We rented motorbikes in Hanoi, got out a map and made a beeline for the center of Nam Dinh with a camera and a hundred questions. Our mission? To document, enjoy and understand as many incredible churches as possible.

Leaving Hanoi was a bit of an adventure in itself. We are all Ho Chi Minh City locals and had never been in the North before, and we somehow managed to find our way onto the CT01 only to find it was a no-motorbike zone. A few terrifying U-turns later and we were on our way, driving on the QL1A parallel to the CT01 towards Nam Dinh city.

From here, the drive was an exciting mixture of scenic, invigorating and very, very hot. We shared the road with heavy trucks for the first few kilometers as we left Hanoi, but as we moved out into the provinces the traffic slowly dissipated.

We took a left turn off the QL1A just before Phu Ly and wove our way through a large, abandoned development complex. It was a ghost town. We rested in the shade, dance music blasting from literally the only house for miles around. Someone was celebrating the weekend.

As we pulled up to our guesthouse on Thinh Long Beach later that night, the sun had already set. We stayed opposite the beach in a friendly, bright purple guest house for about VND300,000/night per room. Waves brushed the shore and the sea breeze washed our dusty faces clean.

We set our alarms to wake up for sunrise the following morning and hopped on our motorbikes at 5am for a 20 minute drive up the coast to Nha Tho Do Hai Ly. This now ruined church was once one of Nam Dinh’s finest, perched on a little pirouette of land jutting out into the sea like some kind of elaborate spiritual lighthouse.

Today, it is sadly crumbling and, perhaps sadder still, is surrounded by a rabble of bia hoi-style restaurants, somewhat ruining what must have once been an awesomely isolated spot.

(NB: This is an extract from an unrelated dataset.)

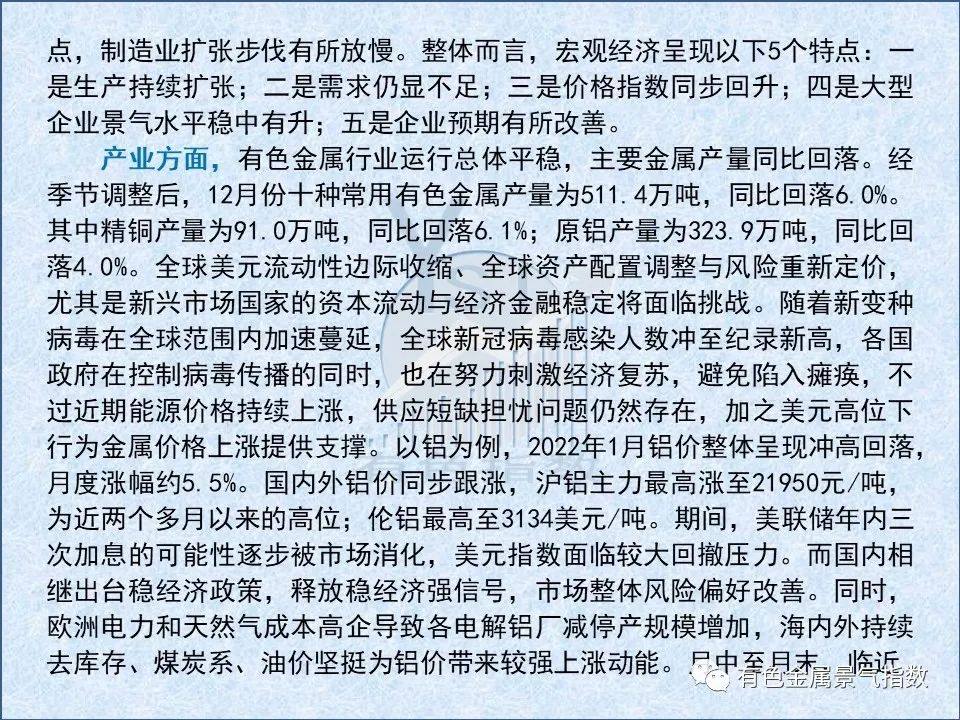 2022年1月中国有色金属产业景气指数为22.2 较上月回落3.9个点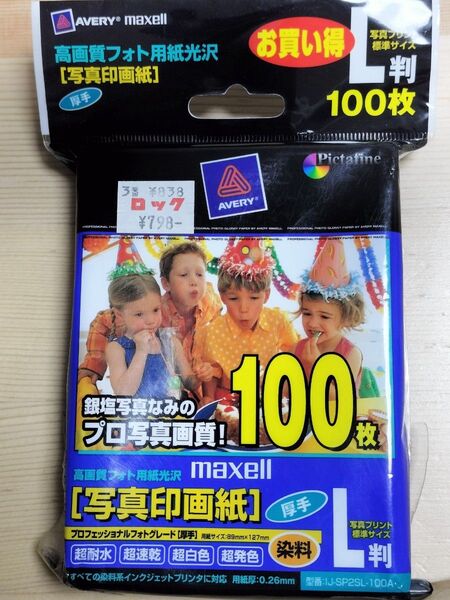 約130枚 高画質フォト用紙合計約130枚 L判 maxell brother hp【新品未開封】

But bia hoi or not, this place retains a kind of ethereal charm that attracts people from all over the country. The church itself is as rustic as they come, and as the sun first touches its walls it lights up in a brilliant, beautiful orange. Children play in the shallows on the beach and parents strole along the edge of the water. Fishermen pebble the beach with their boats and fishing poles and if you get to the church before the sun, you can watch them bring in their catch.

Most of the other churches in Nam Dinh are well-maintained, and as we drove inland from Nha Tho Do Hai Ly we passed tens of spires and elaborate front walls, even on the tiniest of paths. The area behind the coastline in this part of the province is a maze of pretty little laneways just wide enough for a motorbike to pass, occasionally opening out into great white plains of salt-farming land, right next to the sea.

About 30 km from Thinh Long Beach, we stopped at a magnificently elegant square lake right next to the road. A church sat behind it, bright yellow and beautifully mossy, and children played in its open courtyard.

According to the caretaker of Thach Bi parish church, it had been around for generations and was built and used by one of the local clans. On Sundays it was an important meeting place for its Catholic congregation, but during the week it belonged to the children.

As we left and turned back onto the motorway towards Nam Dinh town we counted more than ten churches in our range of view. Looking back, it would have been well worth us budgeting a week on the beach at least – there was just so much to see and so many interesting people to meet. This is the kind of place where you travel by talking to people and the kind of place you make a point of coming back to.